## TRY IT
Beginning with the line of the entries below that holds "All right, folks." and ending with the line that holds "So that's basically", transcribe each line exactly as written. Pictures stay out.

(EXERCISE DATA Opens)

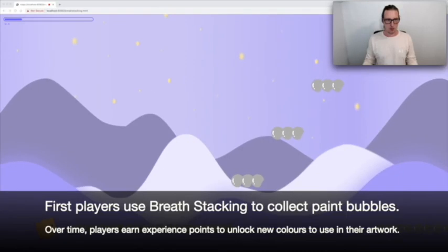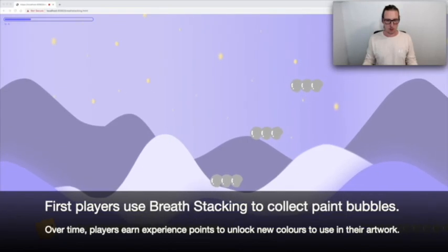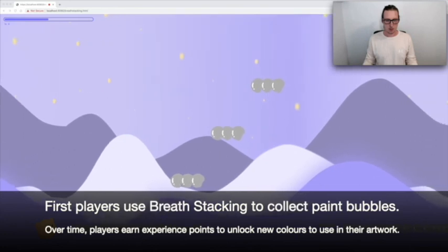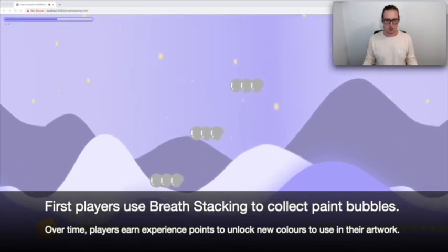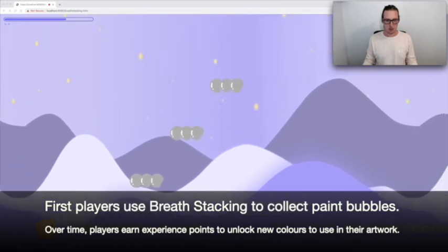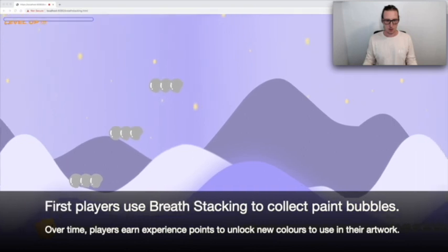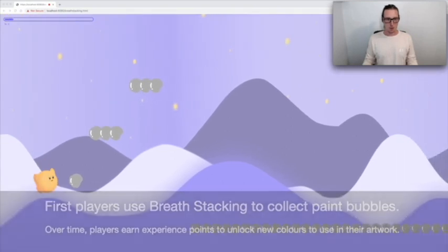Bubble Breather connects these two exercises through an abstract bubble painting activity. First, players use breath stacking to collect paint bubbles. Over time, players earn experience points to unlock new colors that can be used in their artwork.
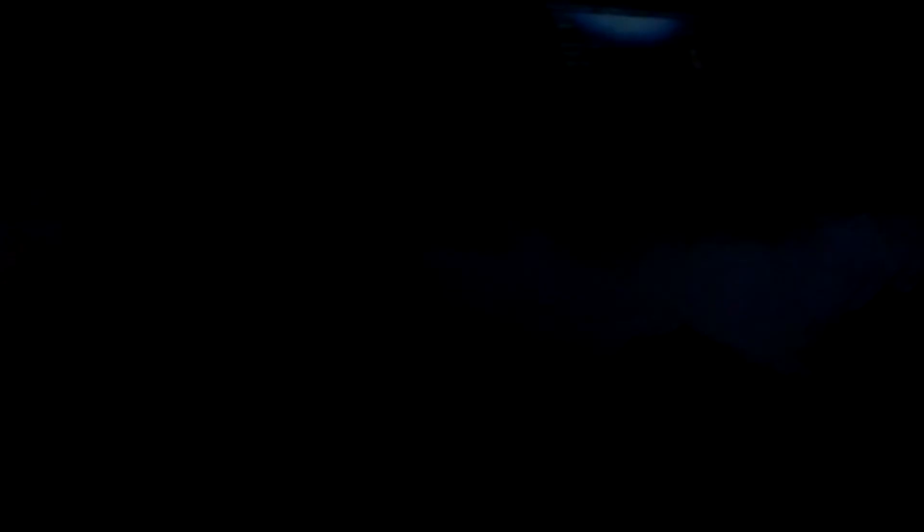All right, folks. That's five minutes of uninterrupted lightning and thunder. It just keeps on going. Later, folks.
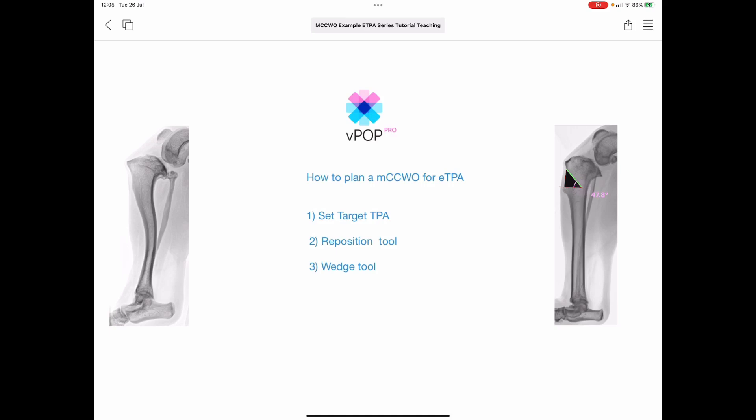Welcome to another VPROP Pro tutorial, everyone. This is the first in a series of eTPA leveling videos. Today we're going to go through two precise planning options for getting a five-degree post-op TPA every time with a modified cranial closing wedge osteotomy technique. We'll show you how to set your target TPA — in this case five degrees — then use the reposition tool and the wedge tool to take a reproducible, intuitive plan into the OR.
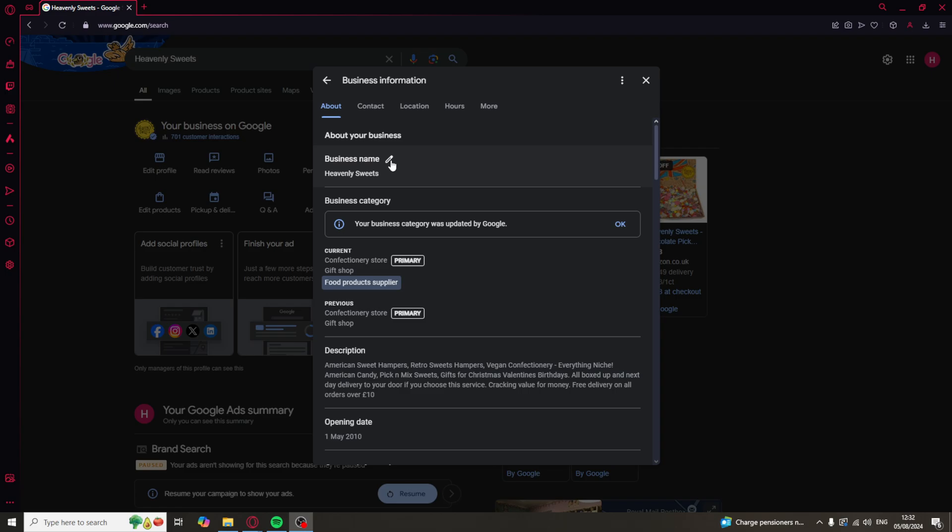Now, something to take into account is that it can take a little while for this to update. So it might take 5, 10, 15 minutes before it actually shows up as the new business name. But don't worry, it should be done. And another thing is if you change it and you want to change it back, you can go ahead and do that in the exact same process as Google allows you to change your business name multiple times.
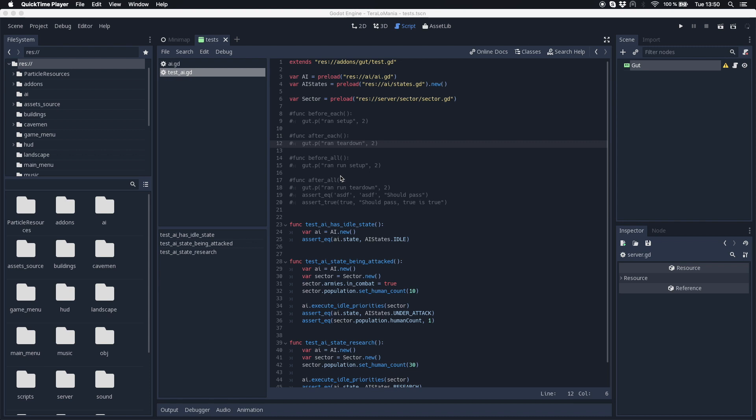Hello everybody. Yesterday I wanted to make some unit tests in Godot and I wasn't sure if there is a library available and how all of this works. So I was researching a bit and I found a library which is called GUT and I had some problems to set up all the test environment. So I wanted to make a short tutorial video on how to use it and what it's all about.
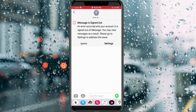So why is this notification occurring? iMessage only works if you link your Apple ID with this application. If your Apple ID is signed out from your device, iMessage will not work.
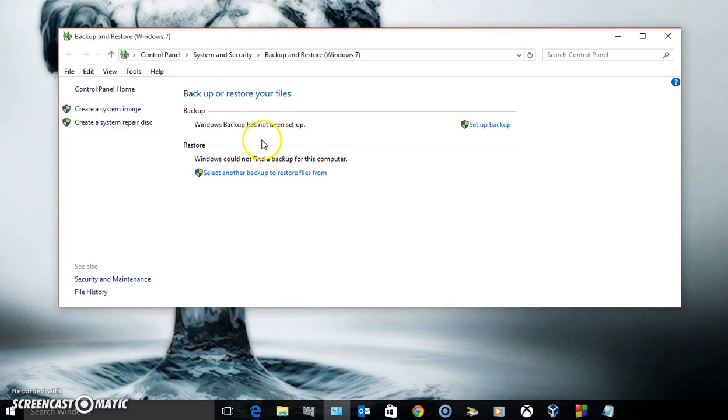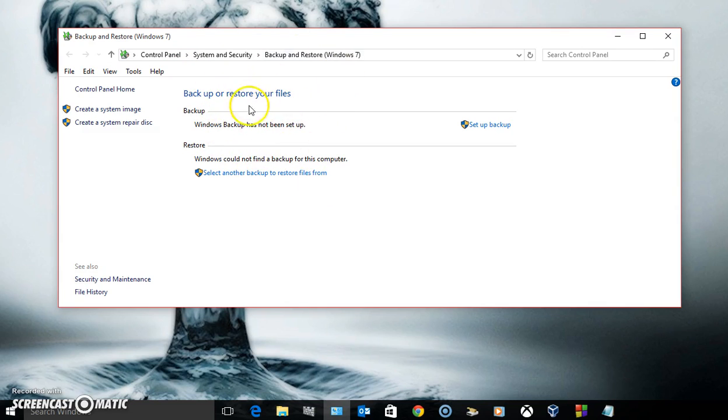So that's basically it. You just click on your Windows backup right here. It'll say your old operating system's name if you had 8, 8.1, or 7 and you can back it up. Just follow the instructions on the screen.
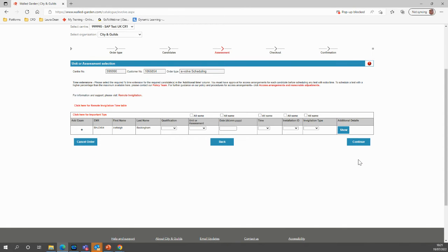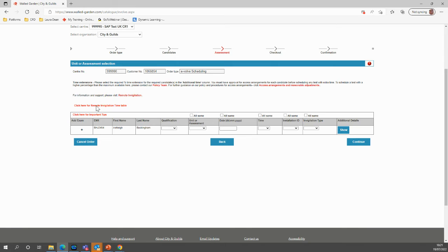Here we can see the candidate's details and that we're ready for booking. First of all, you'll want to check the remote invigilation timetable just at the red text above the table.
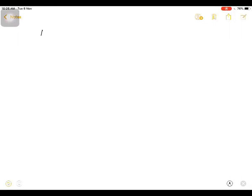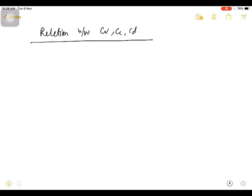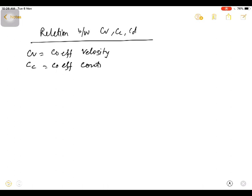Hello friend, today I am going to show you the relation between CV, CC, and CD. This is the last video regarding the application of Bernoulli's theorem, where CV is coefficient of velocity, CC is coefficient of contraction, and CD is coefficient of discharge.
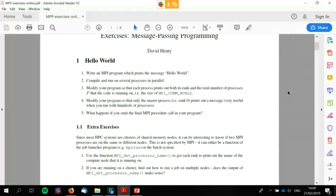It's two o'clock, so I'll begin. Hello and welcome back everyone to this ARCHER online MPI course. Today we're going to start off by talking about point-to-point communications, but first I wanted to quickly run through the first exercise with you.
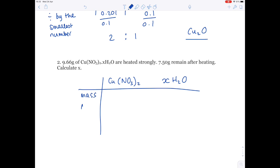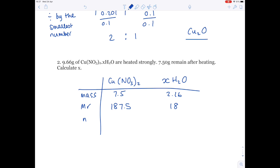So let's divide it up as before: mass, MR, number of moles. We know that 7.5 grams of the copper nitrate remain after heating. To work out the mass of water, we take 7.5 away from 9.66, giving 2.16. The MR of copper is 63.5. Nitrogen is 14 times 2 because of the 2 behind the bracket. Oxygen is 16 multiplied by 6, giving an MR of 187.5 for copper nitrate. The MR of water is 2 plus 16, so 18. So 7.5 divided by 187.5 gives 0.04.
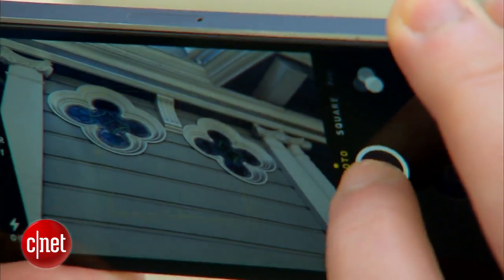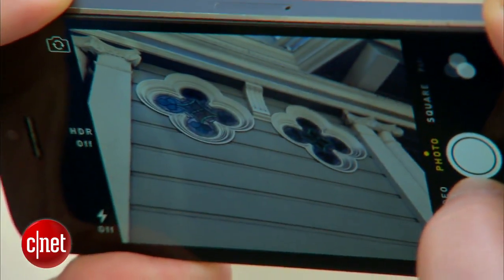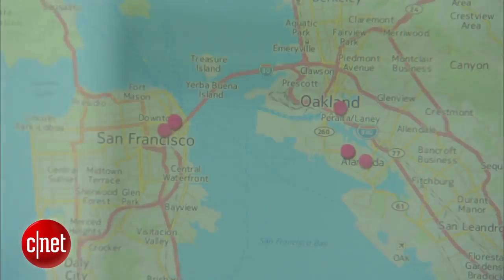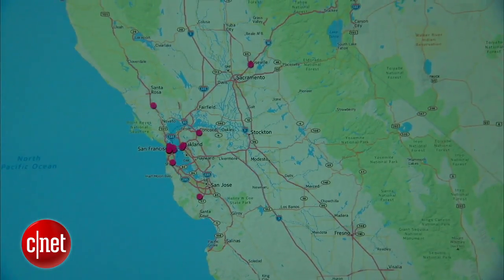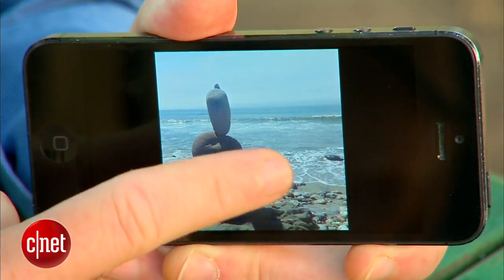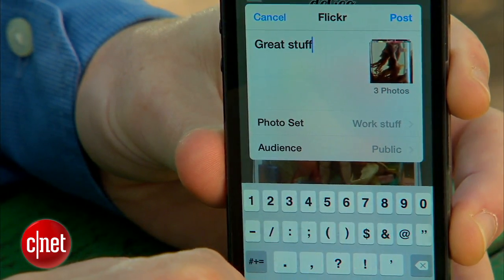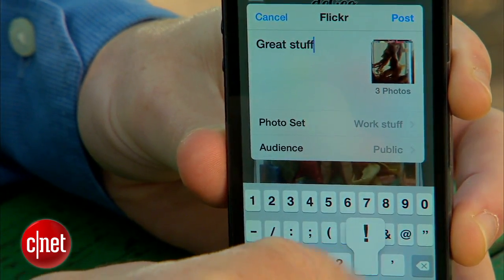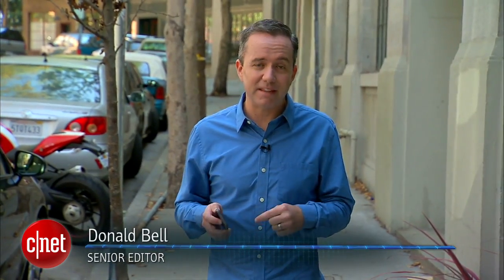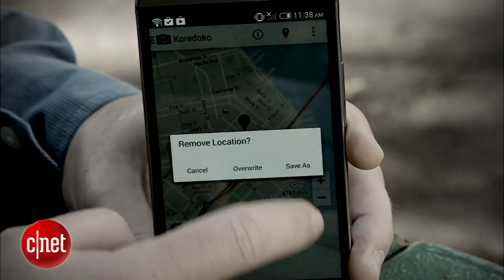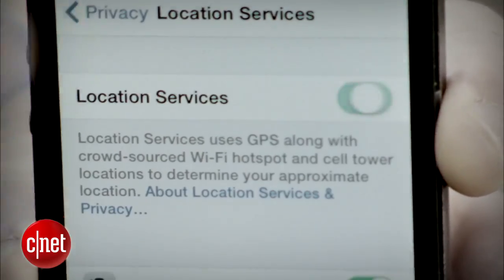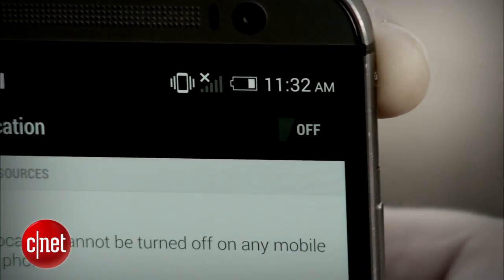One of the cool benefits of taking photos on a smartphone instead of a traditional camera is that the photos are embedded with the GPS location of where your photo is taken. It's great if you want to create a map of where you've been or if you want to quickly tag your photo on Instagram or Foursquare. But what if you want to photograph a location you'd like to keep secret, like your home? I'm going to show you how to strip the GPS location off of the photos you take with your smartphone so that you can share them online without announcing your location.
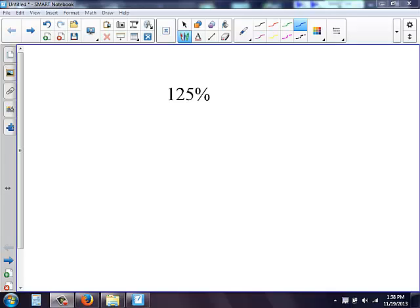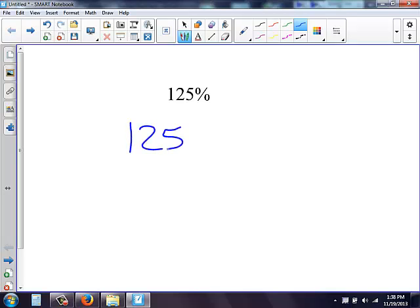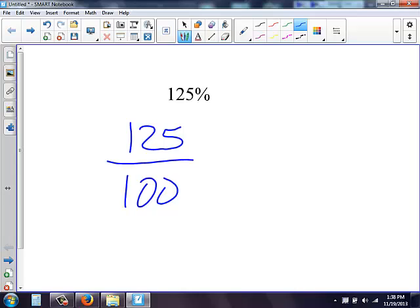Here we have 125% and we're converting it to a fraction. So anytime I have a percent, we're going to take the percent and when we're converting it to a fraction, we're putting it over 100 because a percent means per 100.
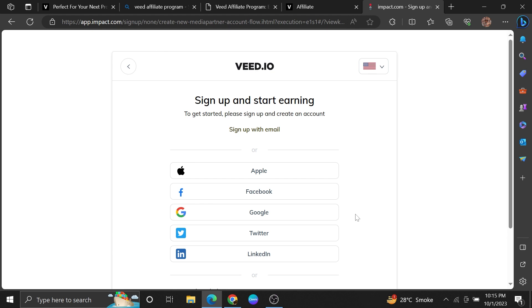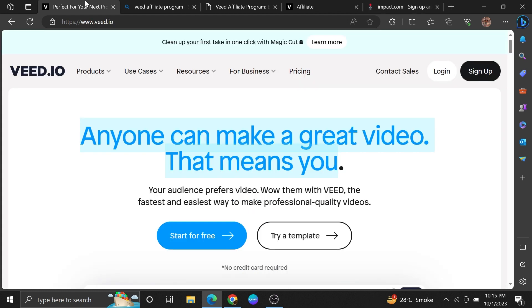You can sign up with Apple, email, Google, Facebook, Twitter, and LinkedIn. Choose any of the following to sign up for an affiliate program.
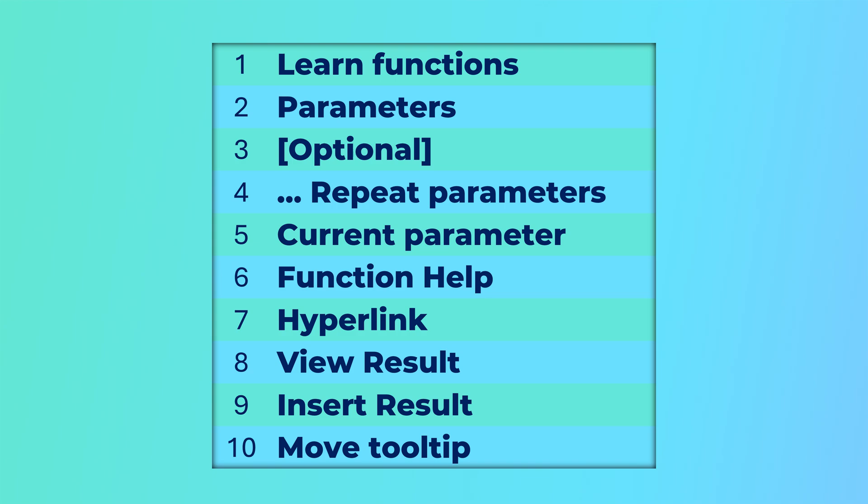So there you have it. 10 brilliant benefits of function tooltips. So that's it for now. See you next time. Thank you. Bye-bye.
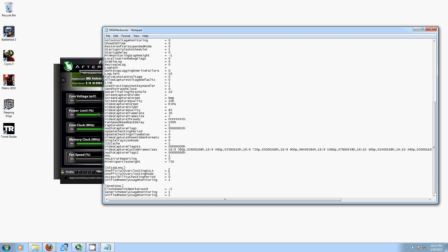And then in the EULA section, you have to do this, and essentially it just says to MSI, we understand that we're going beyond the limitations. So, what it says is, I confirm that I am aware of unofficial overclocking limitations and fully understand that MSI will not provide me support on it.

(EXERCISE DATA Closes)

## SOLUTION TO THIS PROBLEM
All right, folks. That's five minutes of uninterrupted lightning and thunder. It just keeps on going. Later, folks.
Welcome to another VPROP Pro tutorial, everyone. This is the first in a series of eTPA leveling videos. Today we're going to go through two precise planning options for getting a five-degree post-op TPA every time with a modified cranial closing wedge osteotomy technique. We'll show you how to set your target TPA — in this case five degrees — then use the reposition tool and the wedge tool to take a reproducible, intuitive plan into the OR.
Now, something to take into account is that it can take a little while for this to update. So it might take 5, 10, 15 minutes before it actually shows up as the new business name. But don't worry, it should be done. And another thing is if you change it and you want to change it back, you can go ahead and do that in the exact same process as Google allows you to change your business name multiple times.
Hello everybody. Yesterday I wanted to make some unit tests in Godot and I wasn't sure if there is a library available and how all of this works. So I was researching a bit and I found a library which is called GUT and I had some problems to set up all the test environment. So I wanted to make a short tutorial video on how to use it and what it's all about.
So why is this notification occurring? iMessage only works if you link your Apple ID with this application. If your Apple ID is signed out from your device, iMessage will not work.
So that's basically it. You just click on your Windows backup right here. It'll say your old operating system's name if you had 8, 8.1, or 7 and you can back it up. Just follow the instructions on the screen.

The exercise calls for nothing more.